Black Hawk County

Lt. James C. Jensen Jr.

 

 

 

One Waterloo Man Killed,
Two Missing

One Waterloo man previously reported missing was disclosed as killed in action and two others were added to the already long list of missing as war department messages continued to reach homes here Saturday.

Second Lt. Kenneth J. Herman, 23, previously reported missing over Germany Oct. 22, was disclosed by the International Red Cross as dead.

The missing were:

T-5 Thomas P. Argall, infantryman, since Jan. 7 in France.

Flight Officer Milo N. Jensen, 25, since Jan. 4 while on a mission between British Guiana and Brazil.

Flight Officer Jensen was with a B-24 Liberator bomber, when it was lost over South American, it was learned here Saturday. Notification came in a war department message to his wife, the former June Adams, Missouri Valley, Ia.

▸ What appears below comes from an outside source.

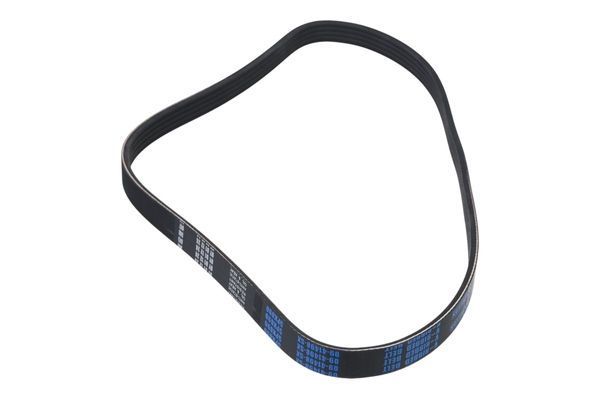 STELLOX 09-41498-SX V-ribbed Belt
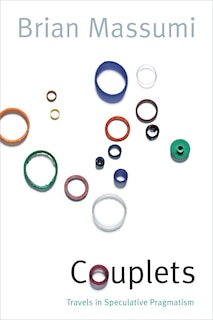 Front cover_Couplets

He recently completed flight training at Ellington field, Houston, Tex. He was a student at Iowa State Teachers college, Cedar Falls, and had been employed at the John Deere Tractor Co., before he entered service Feb. 1, 1943. His father, James C. Jensen, resides at 518 Washington street. A sister, Mrs. Kenneth Lehr, resides at 820 Glenwood street.

Word was also received here recently from a brother, Second Lt. James C. Jensen, Jr., now a German war prisoner. He said in his last letter that he was attending language school in Germany.

His wife, the former Onalae Bailey, formerly of Cedar Falls and now of Oakland, Cal, recently received a letter from a French girl whose parents, with the help of the French underground, concealed Lieutenant Jensen for two weeks from the Germans after his plane was shot down last September over France.

The French girl said she had waited a year to write, and that now her village had been liberated. She explained that Lieutenant Jensen was to be taken by the underground to a plane that was to take him back to England, and as far as she knew, he had made a safe return. Apparently the attempted escape was foiled by the Germans, as Jensen has been a prisoner since Nov. 7.

Source: Waterloo Daily Courier, Waterloo, Iowa, Sunday, January 28, 1945, Section Two, Pages 13 & 20 (photo included)

NOTE: Flight Officer Milo N. Jensen was declared as dead and is memorialized at the East Coast Memorial, Manhattan, New York. Lt. James C. Jensen Jr. was liberated and returned to the United States.

James Chris Jensen, Jr. was born Feb. 12, 1921 to James C. (Sr.) and Elsie Marie Nielsen Jensen. He died Nov. 21, 1993 and is buried in Riverside National Cemetery, Riverside, CA.